Below are some entries. Transcribe the lines from the one holding "FurHaven Ultra Plush" to the one holding "(1) fortunato tells", inclusive, but not the pictures among them.

*** Input data Section Begins ***

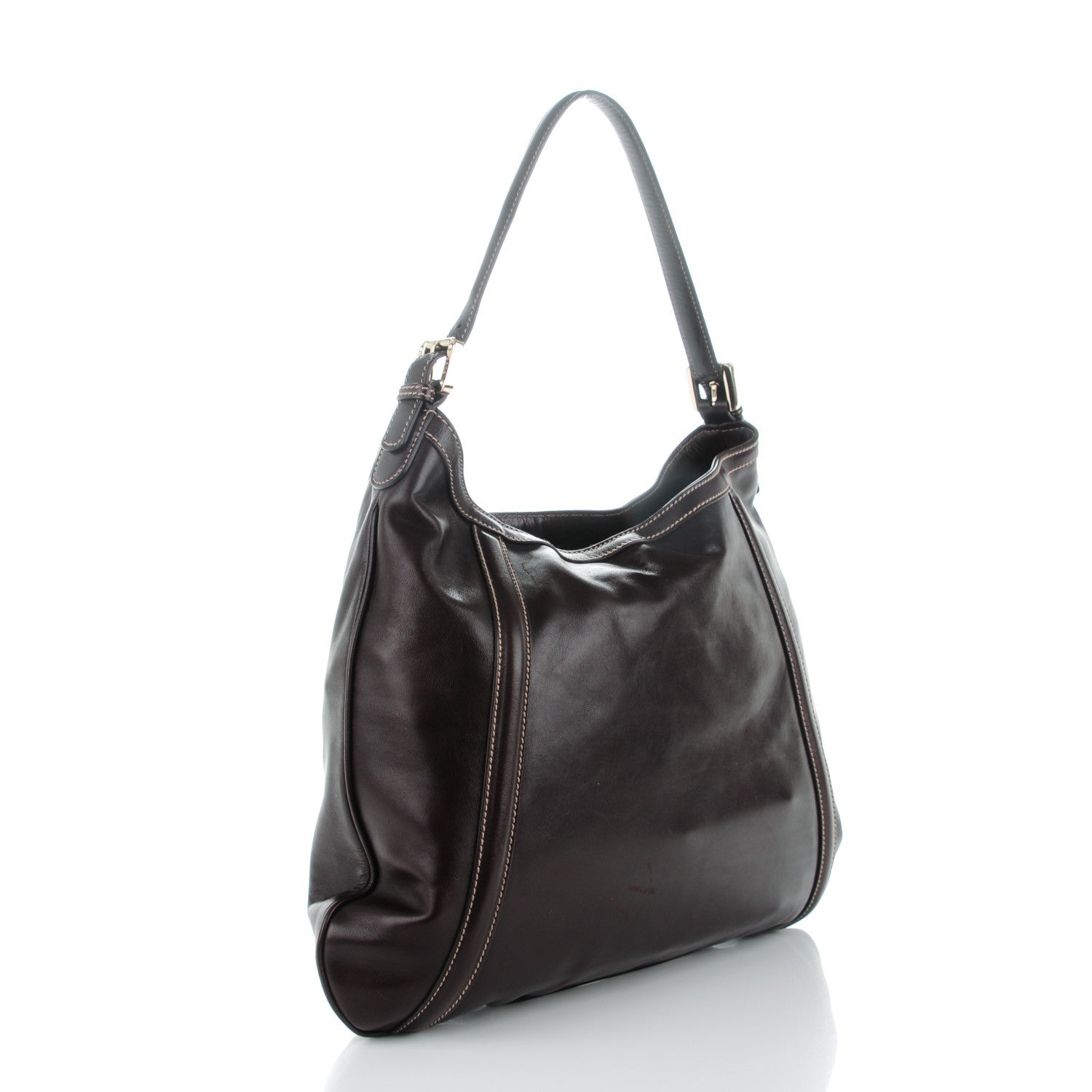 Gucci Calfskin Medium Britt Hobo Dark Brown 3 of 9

*** Input data Section Ends ***
*** Input data Section Begins ***

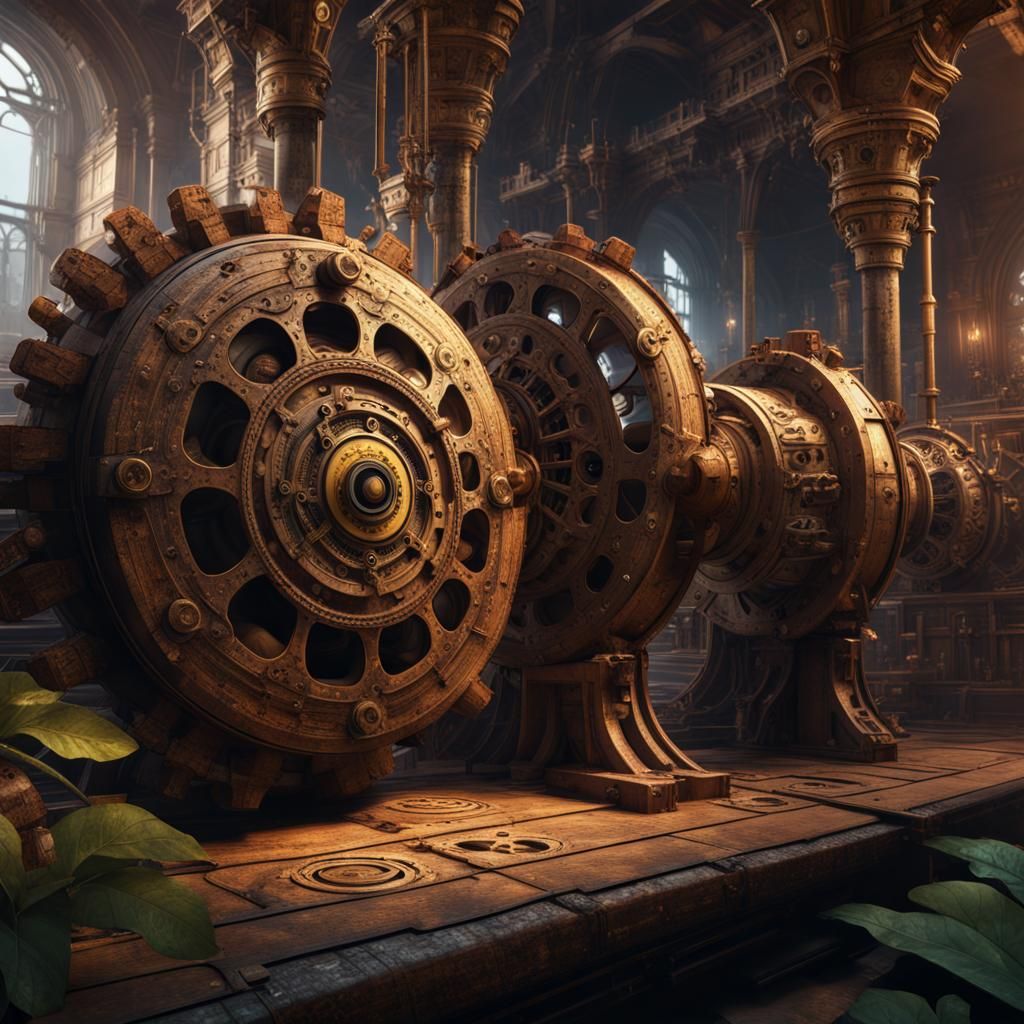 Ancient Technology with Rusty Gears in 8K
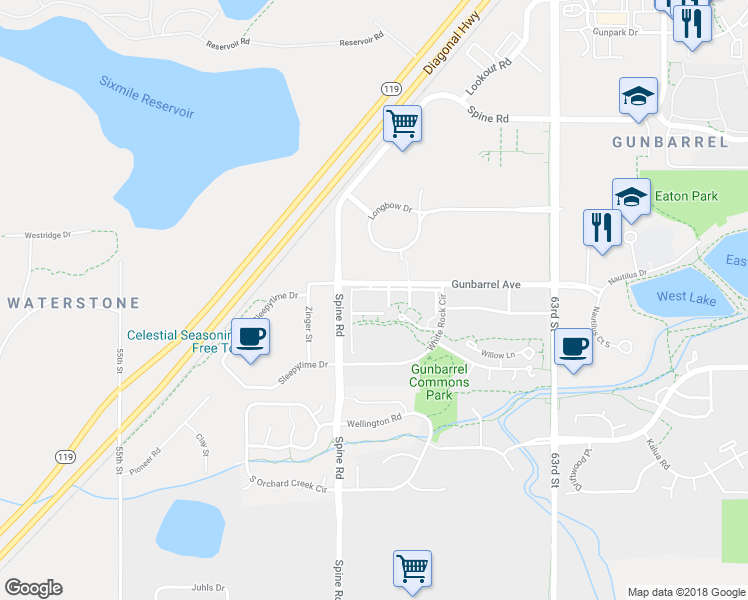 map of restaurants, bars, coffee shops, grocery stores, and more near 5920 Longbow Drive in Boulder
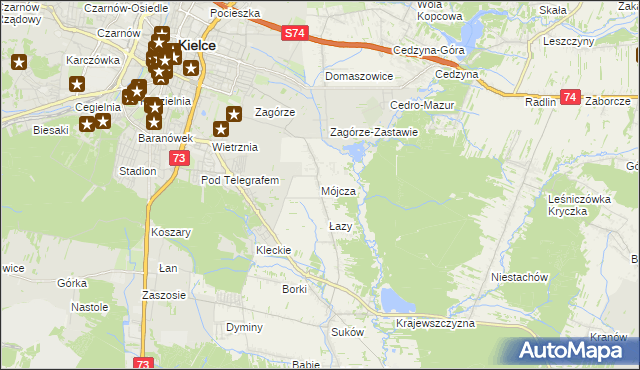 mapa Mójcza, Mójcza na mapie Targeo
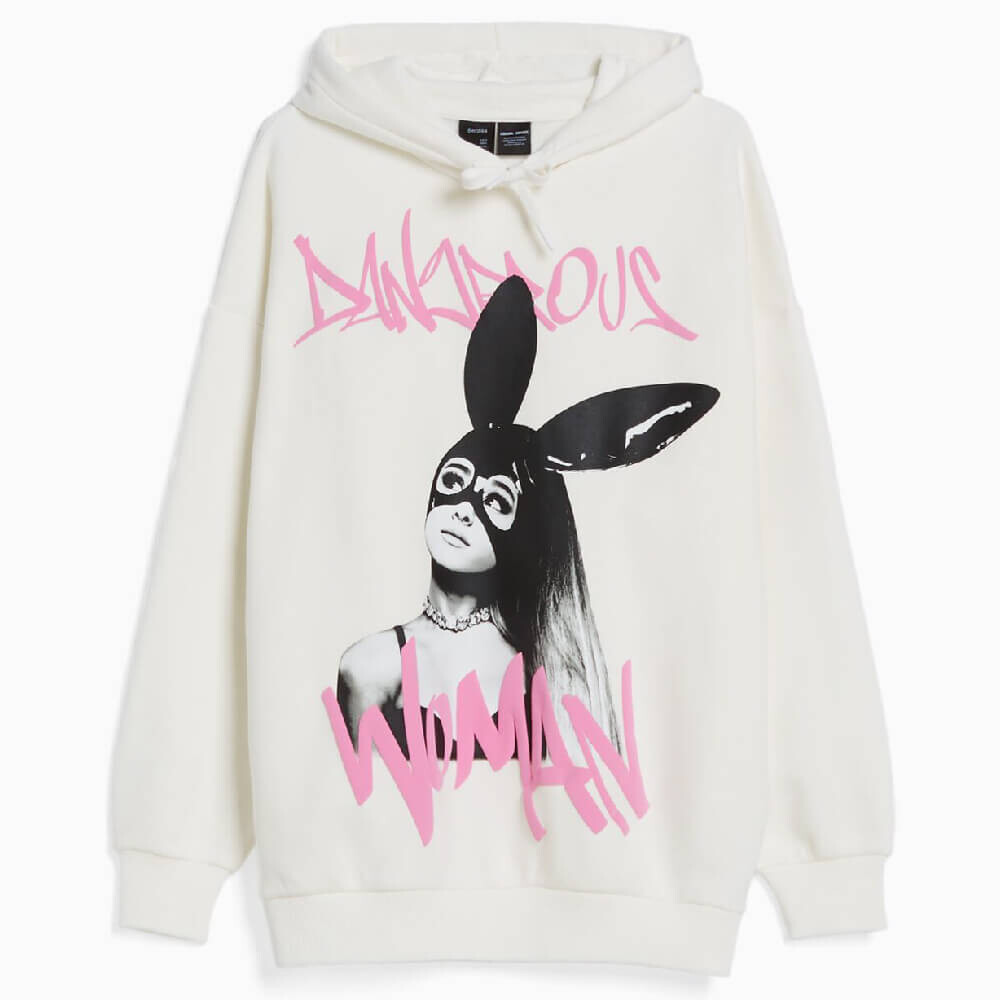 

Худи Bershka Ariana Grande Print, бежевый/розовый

*** Input data Section Ends ***
*** Input data Section Begins ***

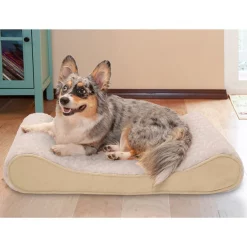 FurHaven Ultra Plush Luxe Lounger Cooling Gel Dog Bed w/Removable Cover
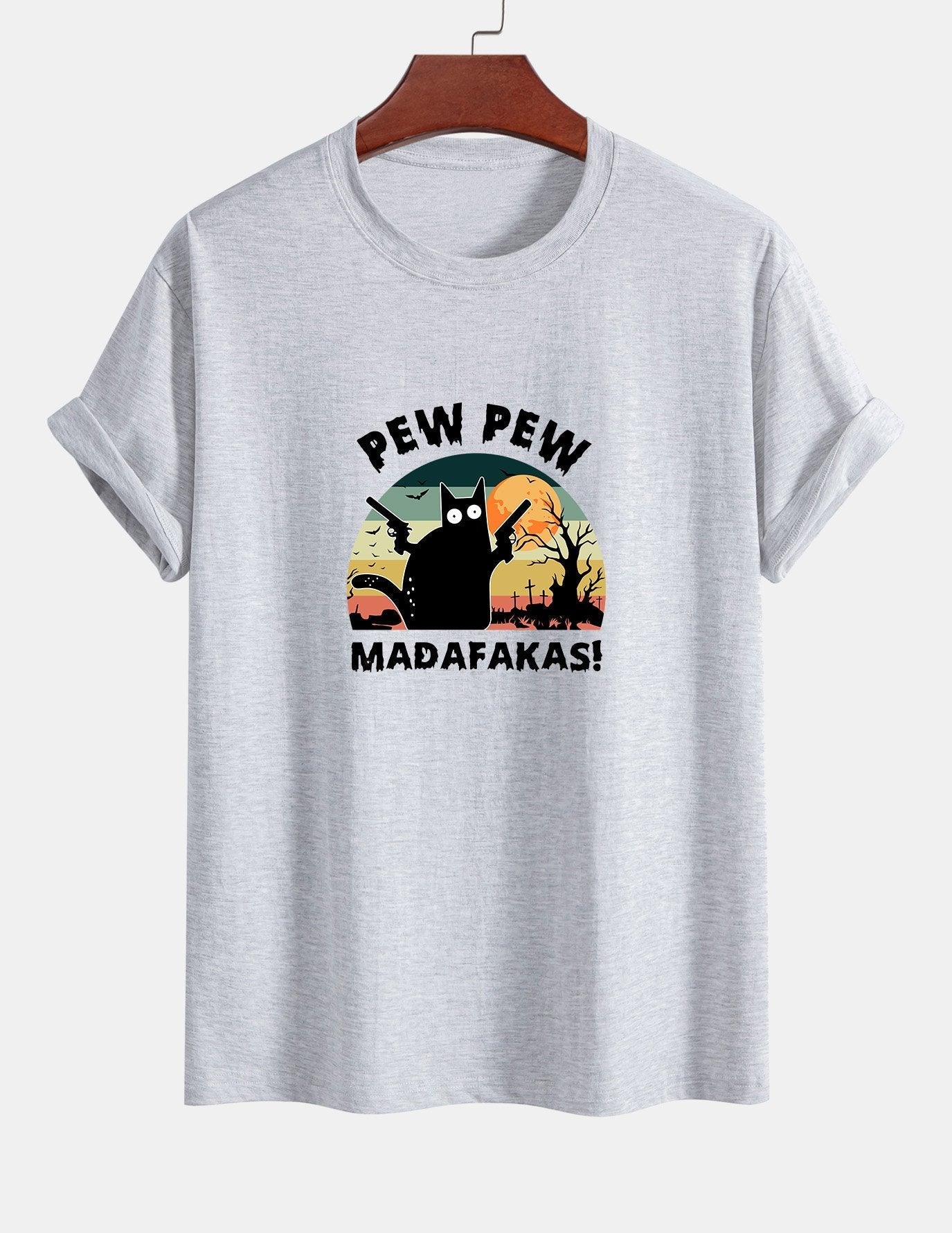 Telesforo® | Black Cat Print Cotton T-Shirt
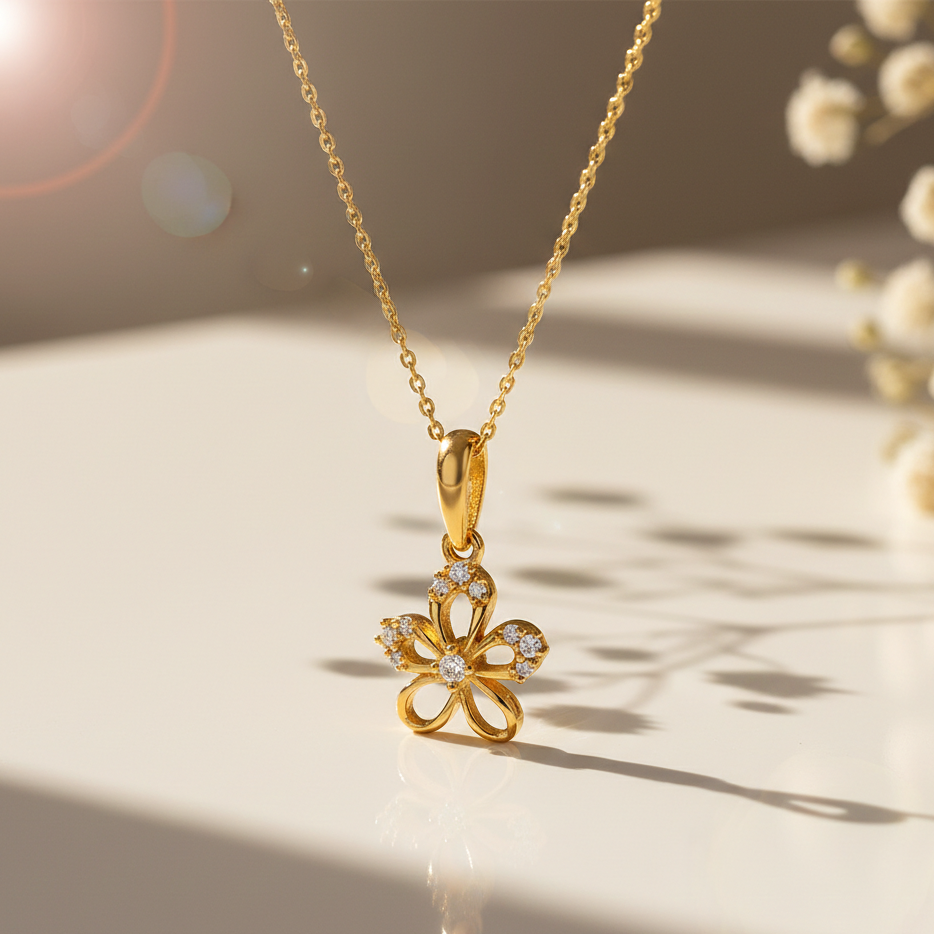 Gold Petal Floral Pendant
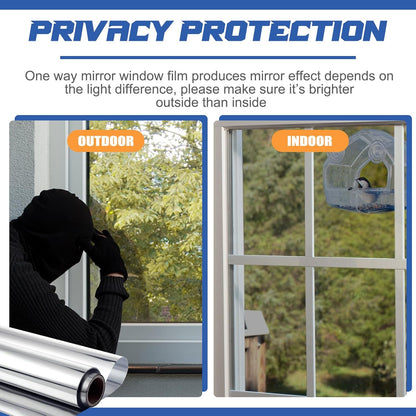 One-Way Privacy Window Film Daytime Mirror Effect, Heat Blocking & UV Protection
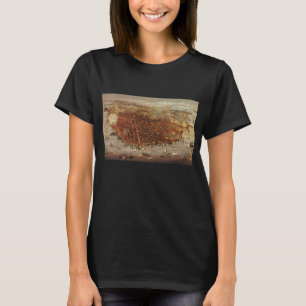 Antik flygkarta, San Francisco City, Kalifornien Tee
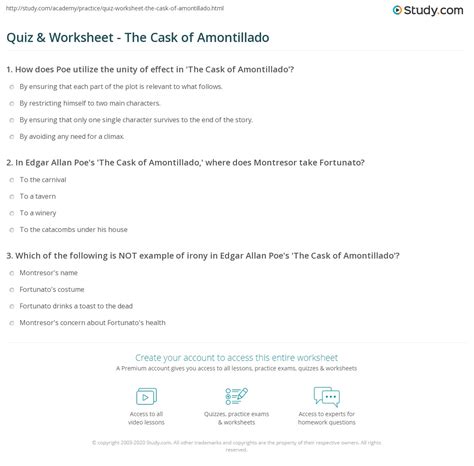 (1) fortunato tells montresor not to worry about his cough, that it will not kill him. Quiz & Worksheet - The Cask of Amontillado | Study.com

*** Input data Section Ends ***

### Exercise response:
 FurHaven Ultra Plush Luxe Lounger Cooling Gel Dog Bed w/Removable Cover
 Telesforo® | Black Cat Print Cotton T-Shirt
 Gold Petal Floral Pendant
 One-Way Privacy Window Film Daytime Mirror Effect, Heat Blocking & UV Protection
 Antik flygkarta, San Francisco City, Kalifornien Tee
 (1) fortunato tells montresor not to worry about his cough, that it will not kill him. Quiz & Worksheet - The Cask of Amontillado | Study.com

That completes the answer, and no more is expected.